Sunday, 4 February 2018

How our bodies maintain a beneficial relationship with our gut microbes


Our gut hosts a community of trillions of microbes, called the gut microbiota, and we are becoming increasingly aware that this has significant effects on many aspects of our health. However, the molecular mechanisms underpinning this interaction remain elusive.

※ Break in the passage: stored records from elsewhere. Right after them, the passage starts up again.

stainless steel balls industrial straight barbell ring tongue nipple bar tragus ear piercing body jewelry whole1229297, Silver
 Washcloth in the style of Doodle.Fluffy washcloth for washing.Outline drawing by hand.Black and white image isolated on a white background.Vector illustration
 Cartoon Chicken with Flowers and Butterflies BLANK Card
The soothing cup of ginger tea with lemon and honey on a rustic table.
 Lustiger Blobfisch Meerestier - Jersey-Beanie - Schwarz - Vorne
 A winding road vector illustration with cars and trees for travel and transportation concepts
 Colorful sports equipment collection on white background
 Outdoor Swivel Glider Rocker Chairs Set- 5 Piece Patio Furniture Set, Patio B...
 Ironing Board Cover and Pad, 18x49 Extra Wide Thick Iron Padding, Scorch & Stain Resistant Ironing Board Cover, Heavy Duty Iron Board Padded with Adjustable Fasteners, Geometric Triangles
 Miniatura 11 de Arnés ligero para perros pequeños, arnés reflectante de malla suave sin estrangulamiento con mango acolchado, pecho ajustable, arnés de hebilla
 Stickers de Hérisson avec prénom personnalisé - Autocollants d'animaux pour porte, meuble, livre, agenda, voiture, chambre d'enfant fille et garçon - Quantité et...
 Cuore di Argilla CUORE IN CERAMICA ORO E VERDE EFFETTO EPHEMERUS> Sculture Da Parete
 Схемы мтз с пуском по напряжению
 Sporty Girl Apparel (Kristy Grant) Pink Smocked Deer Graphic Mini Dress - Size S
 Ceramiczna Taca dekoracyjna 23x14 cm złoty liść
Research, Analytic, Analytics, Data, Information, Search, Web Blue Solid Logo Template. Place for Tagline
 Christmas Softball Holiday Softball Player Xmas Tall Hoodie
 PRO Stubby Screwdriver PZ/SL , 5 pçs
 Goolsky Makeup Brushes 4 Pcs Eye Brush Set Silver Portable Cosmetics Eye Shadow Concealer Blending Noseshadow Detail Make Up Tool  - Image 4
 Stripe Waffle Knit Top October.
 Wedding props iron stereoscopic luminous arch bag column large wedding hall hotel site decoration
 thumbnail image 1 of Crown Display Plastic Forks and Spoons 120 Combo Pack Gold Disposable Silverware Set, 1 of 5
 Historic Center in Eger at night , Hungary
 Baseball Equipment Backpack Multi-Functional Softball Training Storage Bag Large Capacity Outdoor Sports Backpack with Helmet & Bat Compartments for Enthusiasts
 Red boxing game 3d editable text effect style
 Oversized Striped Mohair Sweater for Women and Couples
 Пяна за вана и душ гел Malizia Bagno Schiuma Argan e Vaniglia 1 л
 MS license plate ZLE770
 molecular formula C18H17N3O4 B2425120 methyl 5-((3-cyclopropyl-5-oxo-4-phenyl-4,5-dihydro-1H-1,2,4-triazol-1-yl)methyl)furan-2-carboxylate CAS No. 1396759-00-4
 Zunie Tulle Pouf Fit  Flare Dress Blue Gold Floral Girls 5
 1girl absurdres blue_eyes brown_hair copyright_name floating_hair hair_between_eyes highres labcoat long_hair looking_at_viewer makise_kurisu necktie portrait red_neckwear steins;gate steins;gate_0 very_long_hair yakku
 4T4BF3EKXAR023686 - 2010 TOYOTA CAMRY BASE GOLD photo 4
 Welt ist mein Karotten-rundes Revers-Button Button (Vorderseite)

New research led by Dr Nathalie Juge at the Quadram Institute has identified some of the molecules used to ensure bacteria in the gut microbiota maintain healthy populations, in the correct locations in the body. This helps to ensure a continuing mutually beneficial relationship with our gut microbiota.

To achieve a friendly relationship with these microbes, our gut is lined with mucus. In the colon, the mucus layer is divided into a loose outer layer that provides a suitable habitat for bacteria, allowing us to benefit from them, and an inner layer that acts as a protective barrier. This inner layer prevents these bacteria crossing the gut lining where they could cause us harm.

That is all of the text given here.